If kernel communication with DPDK workloads is required, set to true. This mounts the /dev/net/tun and /dev/vhost-net devices into the container so the application can create a tap device and connect the tap device to the DPDK workload.

The following is an example of an sriovNetworkNodePolicy object for Mellanox NICs:

apiVersion: sriovnetwork.openshift.io/v1
kind: SriovNetworkNodePolicy
metadata:
  name: dpdk-nic-1
  namespace: openshift-sriov-network-operator
spec:
  deviceType: netdevice
  isRdma: true
  nicSelector:
    rootDevices:
      - "0000:5e:00.1"
  nodeSelector:
    node-role.kubernetes.io/worker-cnf: ""
  numVfs: 5
  priority: 99
  resourceName: dpdk_nic_1
---
apiVersion: sriovnetwork.openshift.io/v1
kind: SriovNetworkNodePolicy
metadata:
  name: dpdk-nic-2
  namespace: openshift-sriov-network-operator
spec:
  deviceType: netdevice
  isRdma: true
  nicSelector:
    rootDevices:
      - "0000:5e:00.0"
  nodeSelector:
    node-role.kubernetes.io/worker-cnf: ""
  numVfs: 5
  priority: 99
  resourceName: dpdk_nic_2

where:

spec.deviceType

For Mellanox devices the deviceType must be netdevice.

spec.isRdma

For Mellanox devices isRdma must be true. Mellanox cards are connected to DPDK applications using Flow Bifurcation. This mechanism splits traffic between Linux user space and kernel space, and can enhance line rate processing capability.

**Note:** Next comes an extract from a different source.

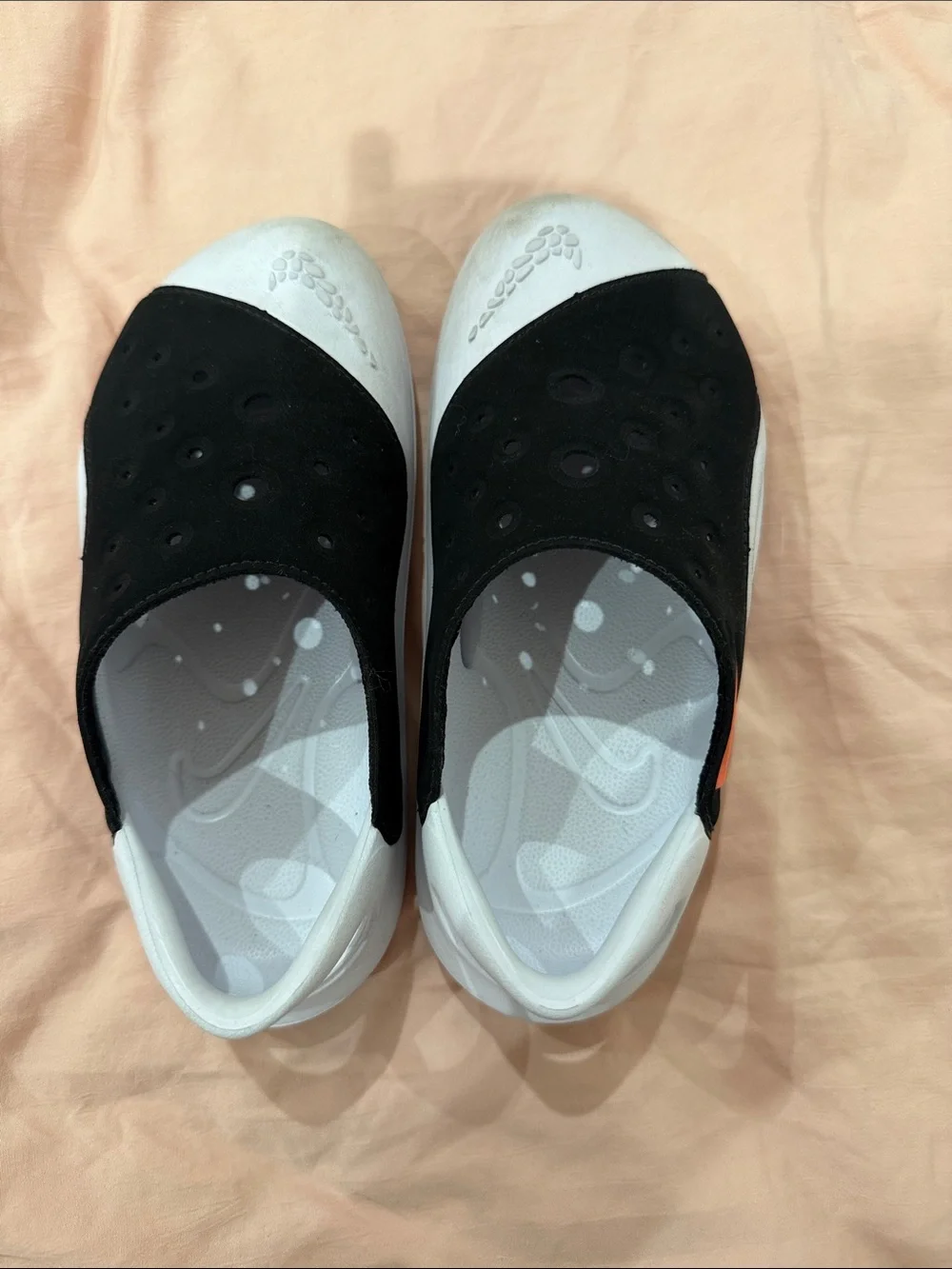 Nike Black and White Slip-On Clogs with Orange Accent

Example SR-IOV network operator

The following is an example definition of an sriovNetwork object. In this case, Intel and Mellanox configurations are identical:

apiVersion: sriovnetwork.openshift.io/v1
kind: SriovNetwork
metadata:
  name: dpdk-network-1
  namespace: openshift-sriov-network-operator
spec:
  ipam: '{"type": "host-local","ranges": [[{"subnet": "10.0.1.0/24"}]],"dataDir":
   "/run/my-orchestrator/container-ipam-state-1"}'
  networkNamespace: dpdk-test
  spoofChk: "off"
  trust: "on"
  resourceName: dpdk_nic_1
---
apiVersion: sriovnetwork.openshift.io/v1
kind: SriovNetwork
metadata:
  name: dpdk-network-2
  namespace: openshift-sriov-network-operator
spec:
  ipam: '{"type": "host-local","ranges": [[{"subnet": "10.0.2.0/24"}]],"dataDir":
   "/run/my-orchestrator/container-ipam-state-1"}'
  networkNamespace: dpdk-test
  spoofChk: "off"
  trust: "on"
  resourceName: dpdk_nic_2
  • You can use a different IP Address Management (IPAM) implementation, such as Whereabouts. For more information, see Dynamic IP address assignment configuration with Whereabouts.

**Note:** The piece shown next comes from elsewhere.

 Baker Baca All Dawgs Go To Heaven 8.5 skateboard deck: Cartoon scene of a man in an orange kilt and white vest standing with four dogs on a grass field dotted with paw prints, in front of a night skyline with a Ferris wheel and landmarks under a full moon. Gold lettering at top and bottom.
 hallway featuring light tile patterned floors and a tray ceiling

  • You must request the networkNamespace where the network attachment definition will be created. You must create the sriovNetwork CR under the openshift-sriov-network-operator namespace.

  • The resourceName value must match that of the resourceName created under the sriovNetworkNodePolicy.

Example DPDK base workload

The following is an example of a Data Plane Development Kit (DPDK) container:

apiVersion: v1
kind: Namespace
metadata:
  name: dpdk-test
---
apiVersion: v1
kind: Pod
metadata:
  annotations:
    k8s.v1.cni.cncf.io/networks: '[
     {
      "name": "dpdk-network-1",
      "namespace": "dpdk-test"
     },
     {
      "name": "dpdk-network-2",
      "namespace": "dpdk-test"
     }
   ]'
    irq-load-balancing.crio.io: "disable"
    cpu-load-balancing.crio.io: "disable"
    cpu-quota.crio.io: "disable"
  labels:
    app: dpdk
  name: testpmd
  namespace: dpdk-test
spec:
  runtimeClassName: performance-performance
  containers:
    - command:
        - /bin/bash
        - -c
        - sleep INF
      image: registry.redhat.io/openshift4/dpdk-base-rhel8
      imagePullPolicy: Always
      name: dpdk
      resources:
        limits:
          cpu: "16"
          hugepages-1Gi: 8Gi
          memory: 2Gi
        requests:
          cpu: "16"
          hugepages-1Gi: 8Gi
          memory: 2Gi
      securityContext:
        capabilities:
          add:
            - IPC_LOCK
            - SYS_RESOURCE
            - NET_RAW
            - NET_ADMIN
        runAsUser: 0
      volumeMounts:
        - mountPath: /mnt/huge
          name: hugepages
  terminationGracePeriodSeconds: 5
  volumes:
    - emptyDir:
        medium: HugePages
      name: hugepages
  • Request the SR-IOV networks you need. Resources for the devices are injected automatically.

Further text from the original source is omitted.